--- DESCRIPTION OF THE TASK ---
Transcribe the tail of the listing: start at the line containing "this 1000×666 image." and stop after the last line, keeping every character as is and adding nothing.

--- DATA EXTRACTS ---
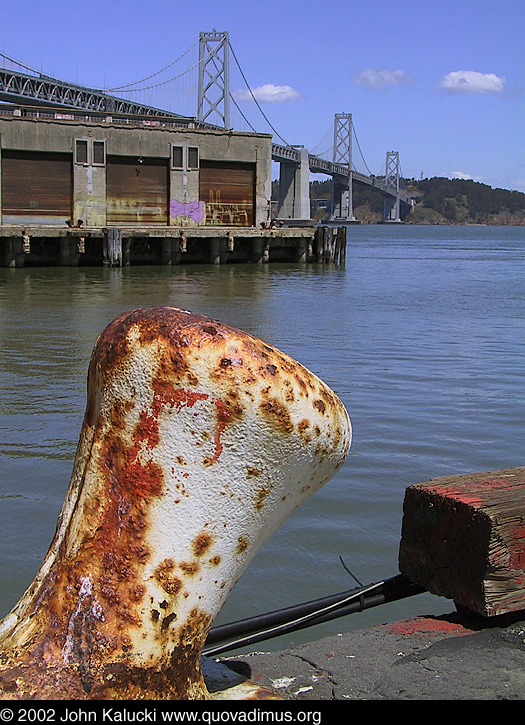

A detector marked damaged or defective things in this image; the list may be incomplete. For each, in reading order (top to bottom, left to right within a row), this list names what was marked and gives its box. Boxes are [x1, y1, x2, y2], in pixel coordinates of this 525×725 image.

rusty mooring bollard [1, 304, 352, 696]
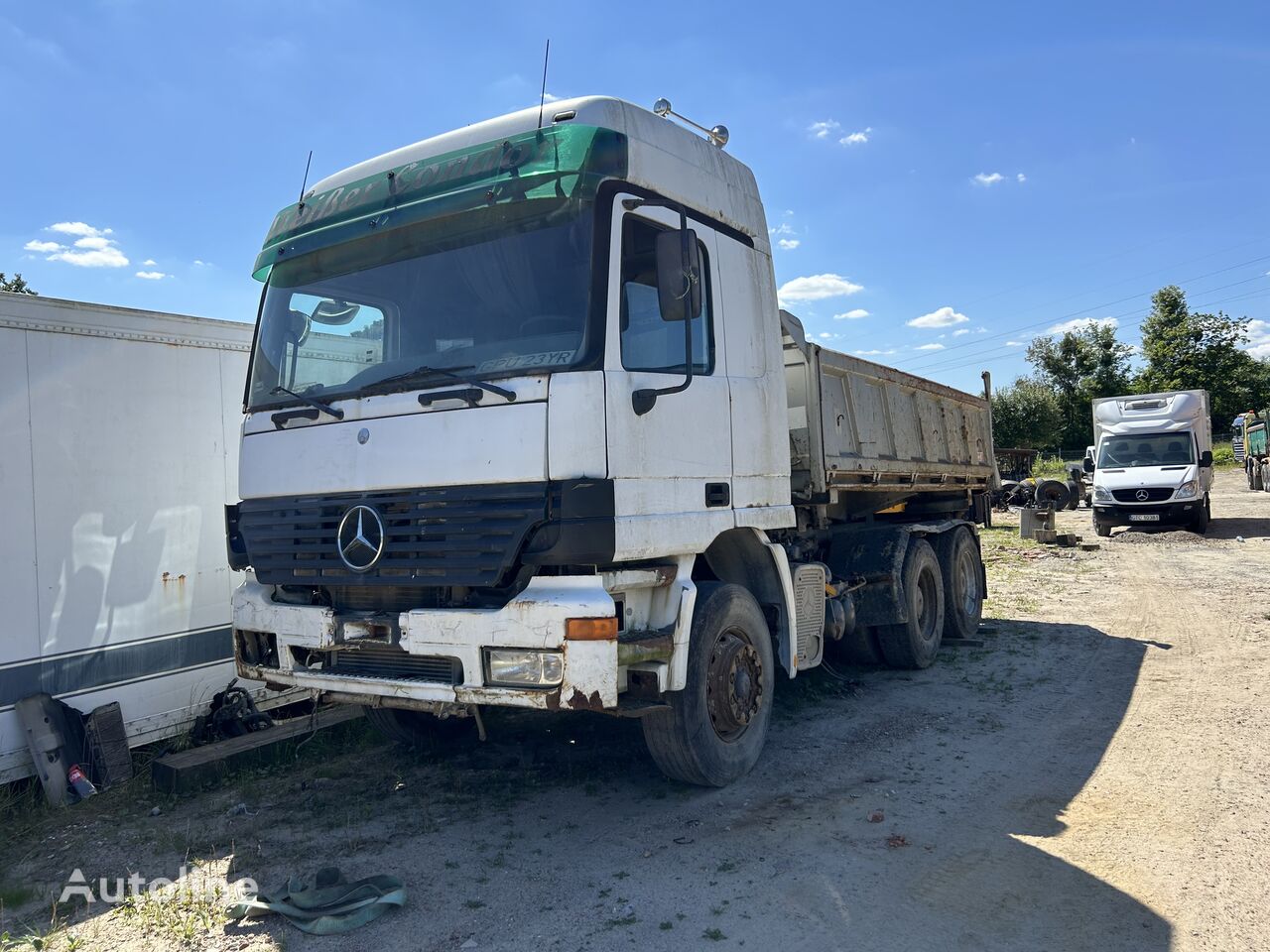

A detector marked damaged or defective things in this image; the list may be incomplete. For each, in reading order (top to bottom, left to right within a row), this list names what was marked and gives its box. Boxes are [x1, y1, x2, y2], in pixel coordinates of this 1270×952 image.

rusty dump bed [778, 313, 996, 506]
front bumper damage [237, 567, 619, 710]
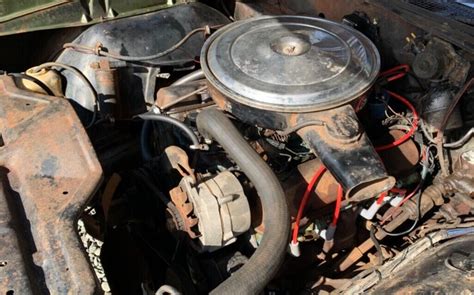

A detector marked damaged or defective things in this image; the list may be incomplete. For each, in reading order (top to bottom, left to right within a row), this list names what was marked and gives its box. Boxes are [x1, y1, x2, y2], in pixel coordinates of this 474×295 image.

rusty sheet metal [0, 75, 102, 294]
corroded metal surface [0, 75, 103, 294]
surface rust [0, 75, 103, 294]
rusty inner fender [0, 77, 103, 294]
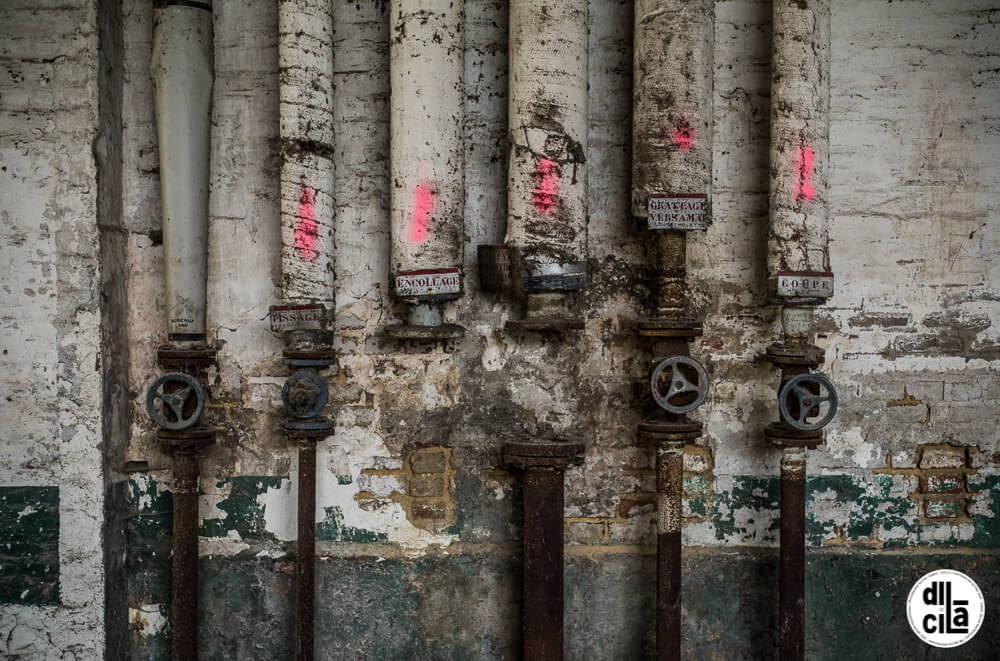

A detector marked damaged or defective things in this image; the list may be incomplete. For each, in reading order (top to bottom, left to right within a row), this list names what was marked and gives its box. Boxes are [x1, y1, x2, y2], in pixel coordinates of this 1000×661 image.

peeling plaster wall [0, 0, 105, 656]
rusted valve wheel [146, 374, 206, 430]
rusted valve wheel [652, 356, 708, 412]
rusted valve wheel [780, 374, 836, 430]
rusty pipe base [158, 428, 213, 660]
rusty pipe [292, 438, 316, 660]
rusty pipe base [504, 438, 584, 660]
rusty pipe [504, 438, 584, 660]
rusty pipe [776, 446, 808, 656]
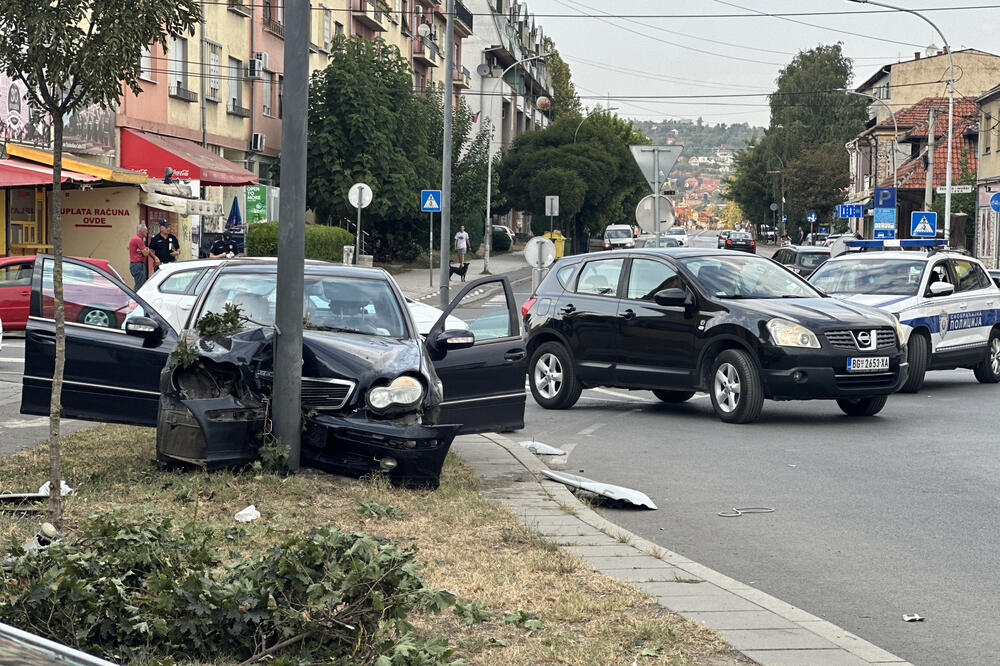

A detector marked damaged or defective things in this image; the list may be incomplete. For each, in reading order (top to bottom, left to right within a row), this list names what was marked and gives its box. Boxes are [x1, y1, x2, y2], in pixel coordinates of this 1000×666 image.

crashed black car [19, 256, 528, 486]
broken headlight [372, 376, 426, 412]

--- ANSWER SECTION ---
A detector marked damaged or defective things in this image; the list may be incomplete. For each, in reading order (top to bottom, left to right within a row), this list names what was marked and gives its box. Boxes are [x1, y1, x2, y2], in pixel coordinates of this 1000×666 image.

crashed black car [19, 256, 528, 486]
broken headlight [372, 376, 426, 412]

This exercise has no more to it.